Shin Tae-yong mengaku tiada menyangka suporter akan mengantarnya pada bandara. Ia merasa sangat terharu serta berterima kasih menghadapi dukungan luar biasa yang dimaksud diterimanya selama melatih Timnas Indonesia.
“Sungguh terima kasih di area perjalanan pulang ini diantar seperti ini. Saya sangat terharu kemudian sangat berterima kasih,” ujar Shin Tae-yong pada Bandara Soekarno-Hatta.
Pelatih berusia 54 tahun itu juga mengungkapkan bahwa meninggalkan Timnas Indonesia tidak hal mudah. Baginya, para pemain sudah ada dianggap seperti anak sendiri. Ia berharap para pemain bisa saja beradaptasi dengan baik pada bawah kepemimpinan ahli baru, Patrick Kluivert.
“Bagaimanapun atlet timnas telah seperti anak saya. Walaupun ganti pelatih, para pemain jangan kecewa dan juga harus memulai pembangunan chemistry yang dimaksud baik dengan pembimbing baru. Saya berdoa agar Timnas sanggup mendapatkan tiket ke Piala Global 2026,” tambahnya.

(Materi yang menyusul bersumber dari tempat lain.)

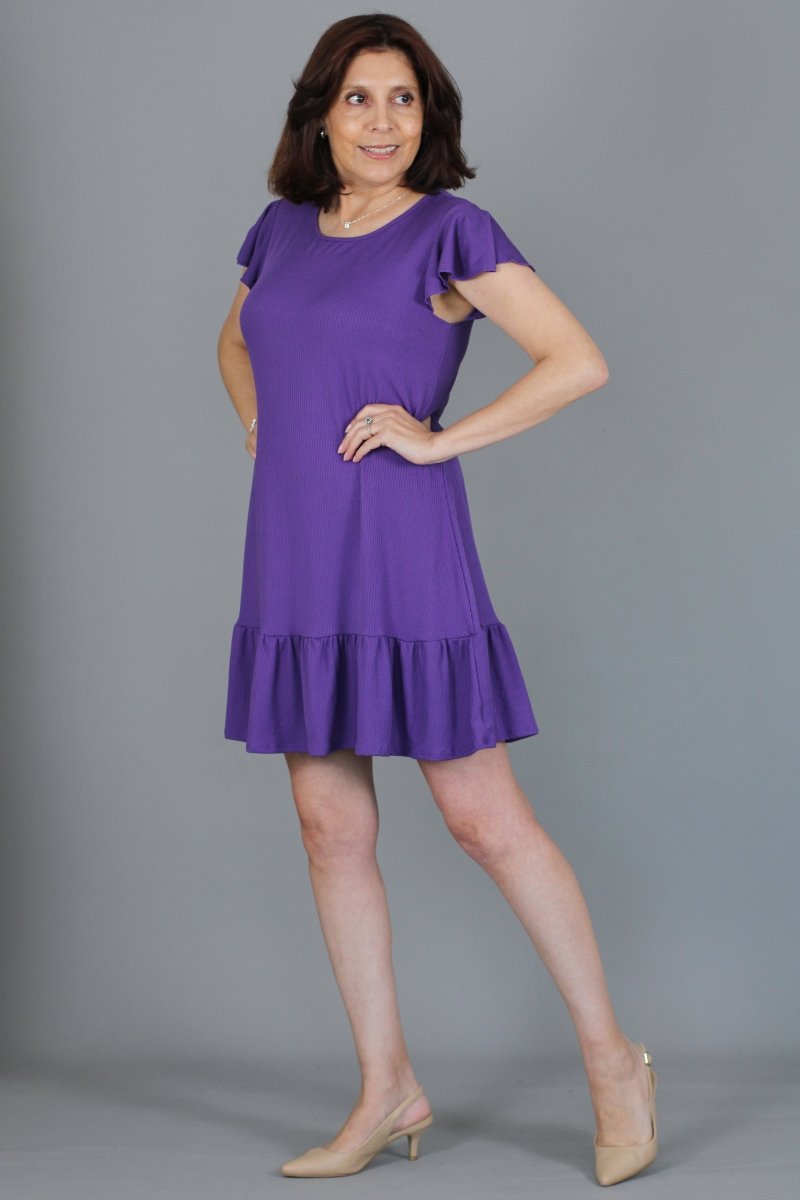 Vestido ISIDORA - Amanda Moda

Sebelum keberangkatannya, Shin Tae-yong menyempatkan diri bertemu Menpora Dito Ariotedjo. Dalam konferensi singkat tersebut, Menpora memberikan apresiasi berhadapan dengan dedikasi kemudian kerja keras Shin selama menukangi Timnas Indonesia.
“Menpora Dito mengucapkan terima kasih untuk Coach Shin juga seluruh regu pelatih. Kami juga diberi kenang-kenangan sebagai batik Indonesia,” ujar Yoo Jae Hoon, asisten instruktur Shin Tae-yong.
Hadiah batik itu menjadi simbol penghormatan juga ucapan terima kasih dari Indonesia untuk Shin Tae-yong menghadapi kontribusinya.
Meski masa kepemimpinannya telah terjadi berakhir, Shin meninggalkan warisan berharga, baik di permainan Timnas maupun hubungan emosional dengan para suporter. Kepulangannya menandai akhir dari sebuah perjalanan, namun harapan akan kesuksesan Timnas di area masa depan masih menyala.
Timnas Indonesia sekarang sedang berjuang dalam fase grup putaran ketiga Kualifikasi Piala Planet 2026 zona Asia, dengan harapan besar untuk melaju lebih besar terpencil dan juga mengukir prestasi di area pentas dunia.